YuanGongND / ast

Code for the Interspeech 2021 paper "AST: Audio Spectrogram Transformer".
BSD 3-Clause "New" or "Revised" License
1.07k stars 205 forks source link

Use different sample rate #24

Closed hbellafkir closed 2 years ago

hbellafkir commented 2 years ago

Can I use a different sampling rate like 22 kHz for fine tuning?

YuanGongND commented 2 years ago

Yes - I think you don't need to change anything of the code for a new sampling rate if you don't use our AudioSet pretrained model (i.e., not setting audioset_pretrain=True). You can (and should) still use ImageNet pretraining (i.e., setting imagenet_pretrain=True). Please let me know if you get an error for new sampling rates.

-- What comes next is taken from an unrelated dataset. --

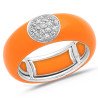 Anello Smalto Hermes Orange Oro Bianco e Brillanti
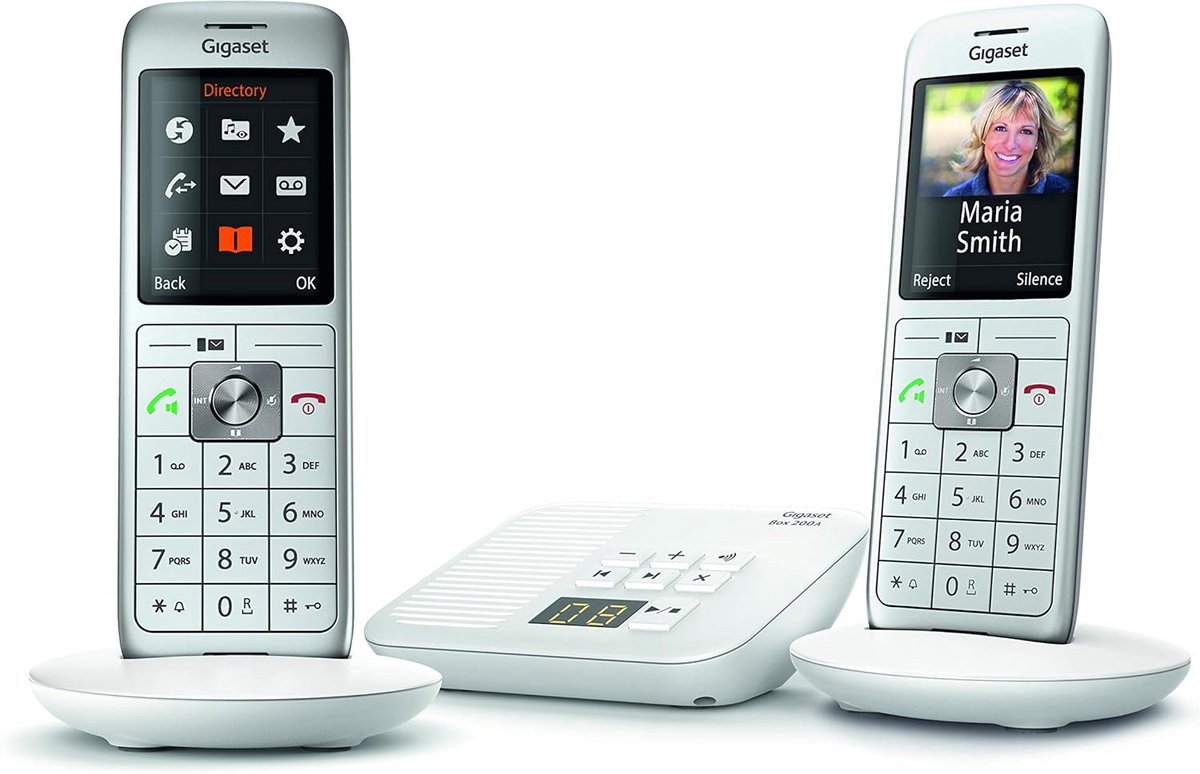 Draadloze DECT Telefoon met Antwoordapparaat en 2 Hoornstellen - Wit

But our AudioSet pretrained model is trained with 16kHz audios, so it would be better if you resample your audios to 16kHz. The improvement of AudioSet pretraining is obvious for audio event classification tasks.

-Yuan

hbellafkir commented 2 years ago

The problem is, that 16 kHz can only used for frequencies until 8kHz, where my data contains higher frequencies (>8 kHz

YuanGongND commented 2 years ago

In that case, you can just use your sample rate and set audioset_pretrain=False when you initialize the AST model.

-Yuan